The judge assumes that schools are safe and that guns should be outlawed there. I’ve studied our history and I know that schools are dangerous places where innocent children have been attacked. My experience may be unusual since I’ve worked to make schools safer with programs that trained school staff to be first responders, to stop an attack and treat the injured unto police and EMTs arrive.
My experience may be unusual since I know co-eds who were raped as they walked home from class late at night. They were disarmed because the campus was a “gun free zone”. No, the campus wasn’t a “gun free zone” to the rapist who brought his gun. It sounds as if the justices think that laws enforce themselves and that criminals obey our laws.

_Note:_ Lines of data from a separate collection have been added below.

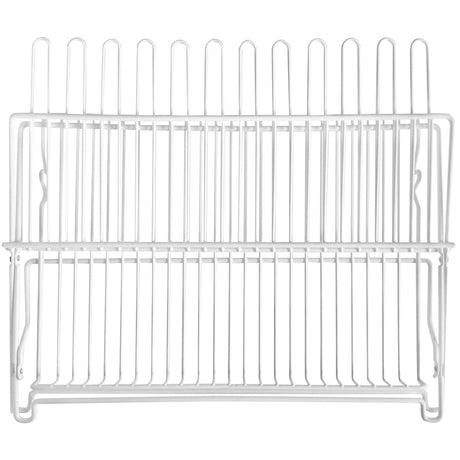 Better Houseware Folding Dish Rack, White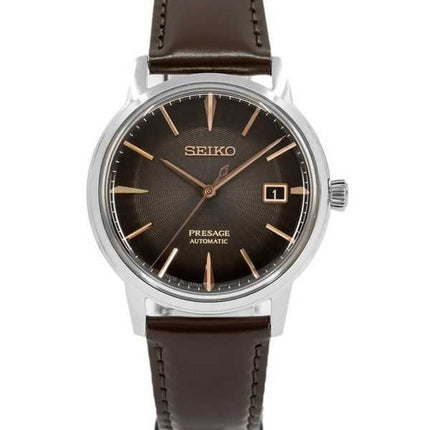 Seiko Presage Cocktail Time The Irish Coffee Charcoal Dial Automatic SRPJ17J1 orologio da uomo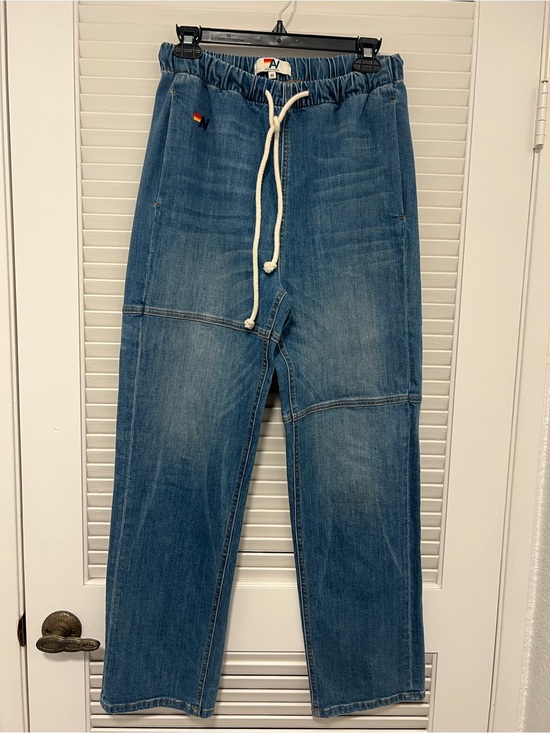Aviator Nation Pants - Aviator Nation Mid-Rise Rancher Jeans ⚡️Tailored Rope Belt Waist⚡️ Medium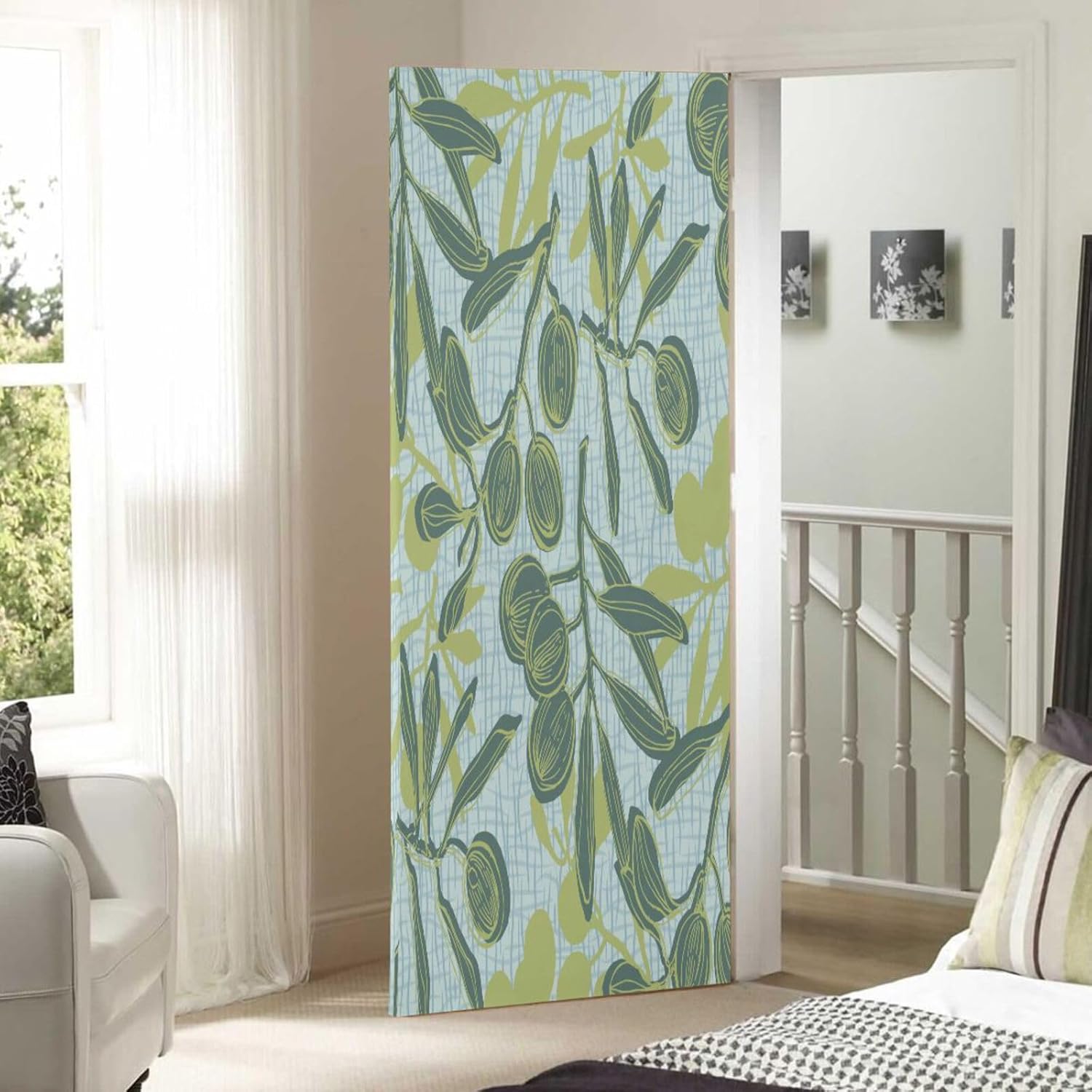 Susiyo Olive Branches Door Cover Halloween Decoration 32x79 in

That isn’t my experience. My friends have a painful history to prove it. Evidently, that history and what we learned from it isn’t obvious to some supreme court judges.
One judge asked if the state could outlaw concealed carry at public gatherings like Times Square on New Year’s eve, or at bars and restaurants where alcohol is served. Again, I heard the question as a confession by the judges.
The judge thinks that restaurants and bars are made safe by ink on paper. If we’re going to outlaw guns, then wouldn’t bars be safer if we also outlawed carrying keys in a bar so we wouldn’t drive while intoxicated? I’m afraid the judge would say that we should outlaw keys in bars too. To me, it sounds as if the judge thinks we depend on laws to get home safely.